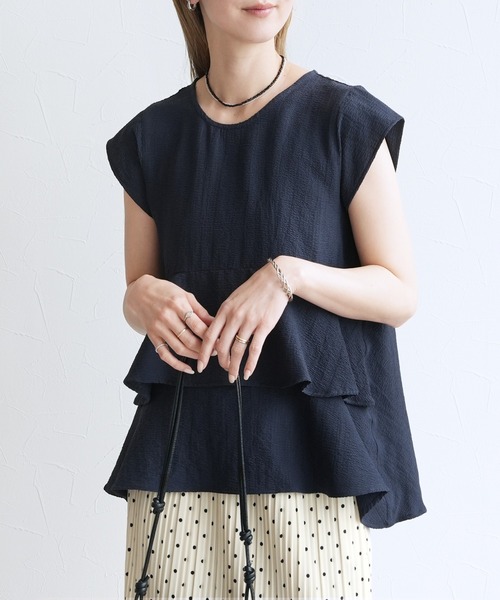 reca(レカ)の「ペプラムブラウス(シャツ/ブラウス・レディース・ネイビー/アイボリー/ブラック/ピンク系その他・M)」の15枚目の写真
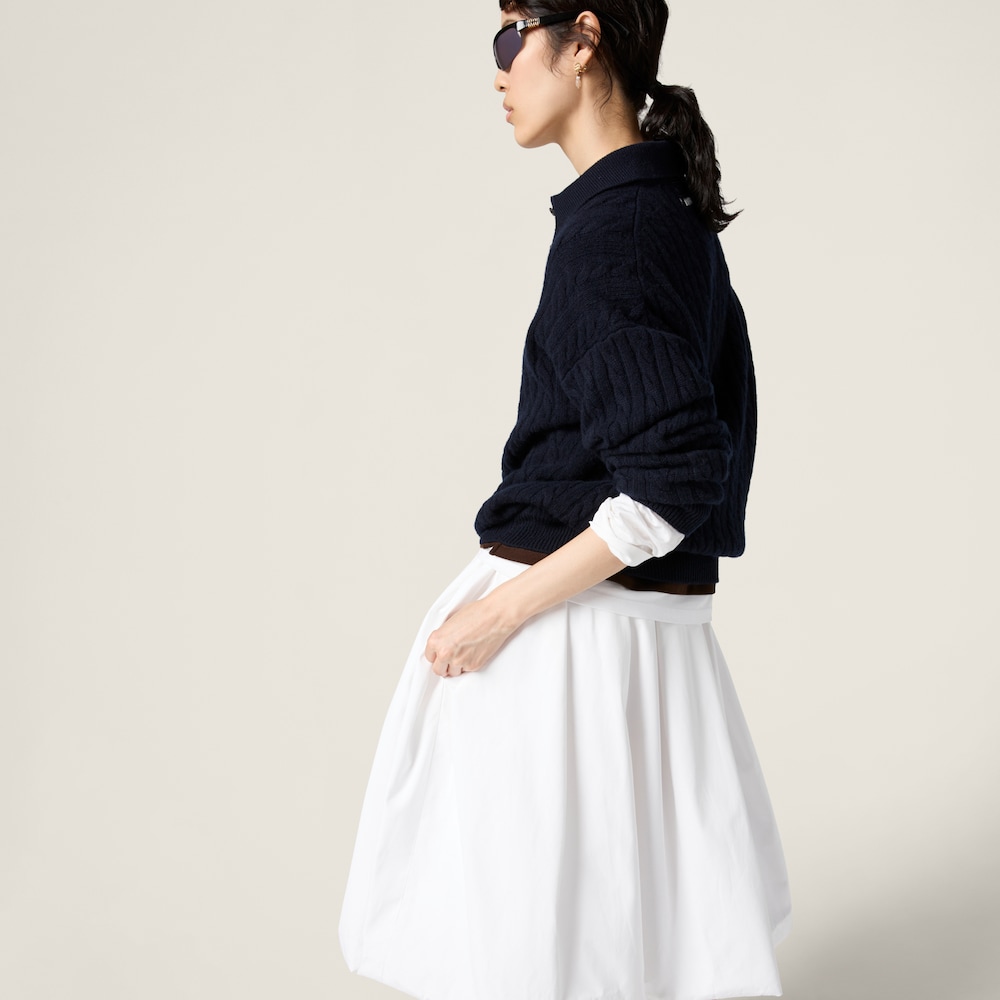 Poplin and jersey skirt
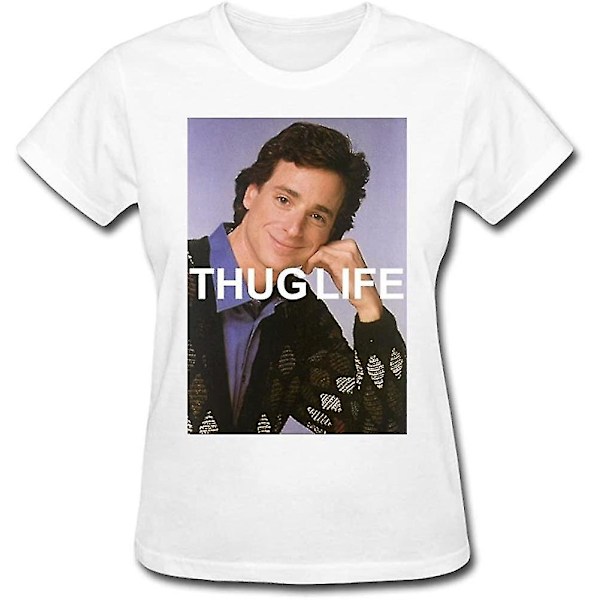 Bob Saget: Thug Life Full House 100 % bomull Kortärmade T-shirts för kvinnor Vit L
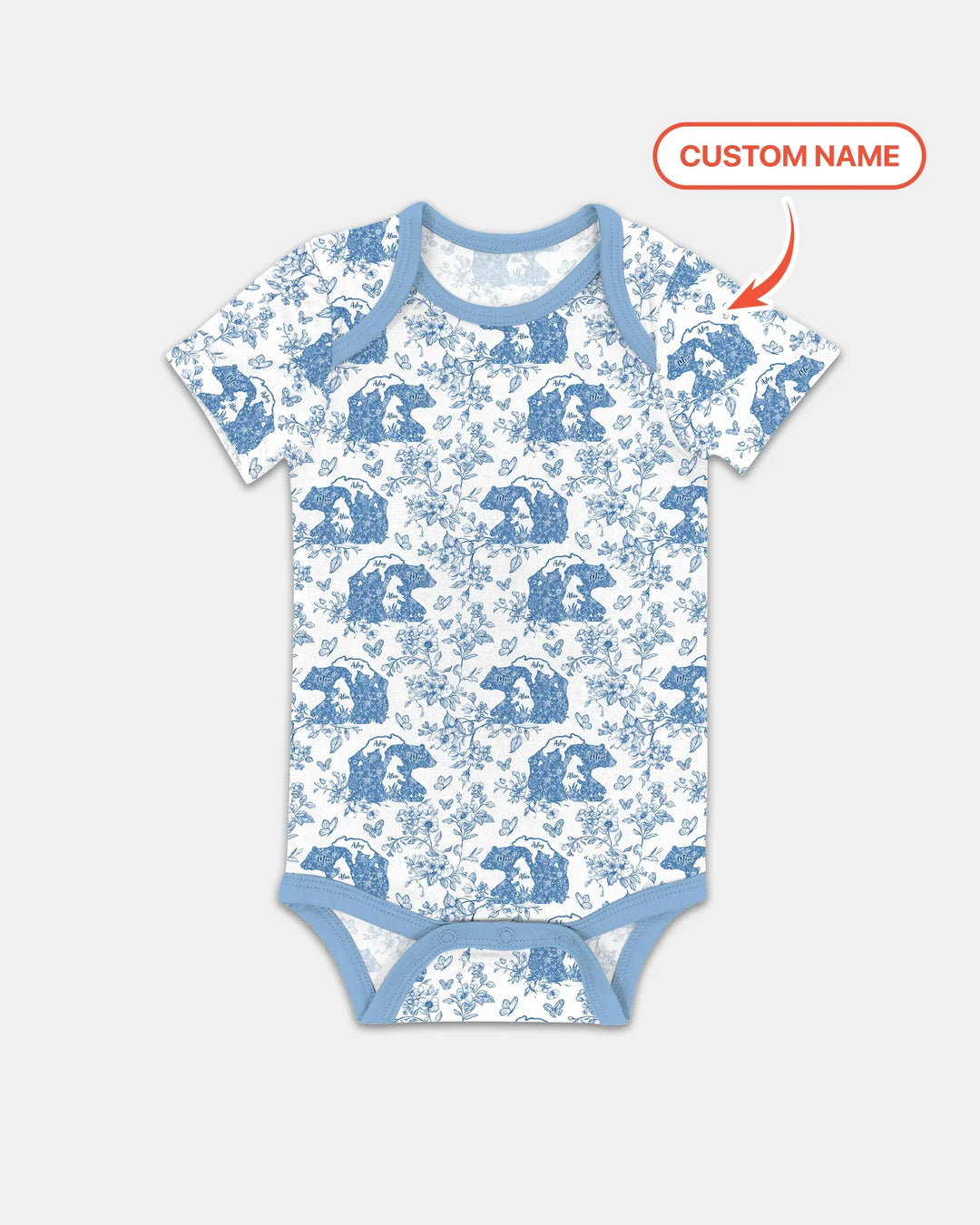 Custom Name Mama Bear Toile Bamboo Bodysuit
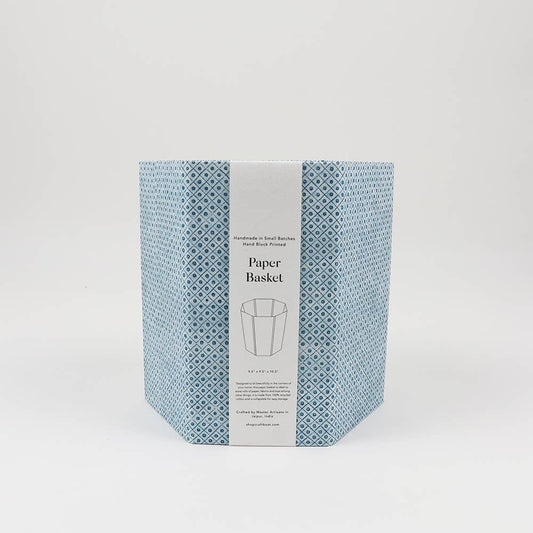 Indigo Block Printed Hexagon Basket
○ ○ ○ ○ ○ ○ ○
YOUR OBJECTIVE: Beginning with the line that includes "Poplin and jersey skirt" and ending with the last line of the material, reproduce those lines exactly and nothing else, with no pictures.

WRITTEN ANSWER:
 Poplin and jersey skirt
 Bob Saget: Thug Life Full House 100 % bomull Kortärmade T-shirts för kvinnor Vit L
 Custom Name Mama Bear Toile Bamboo Bodysuit
 Indigo Block Printed Hexagon Basket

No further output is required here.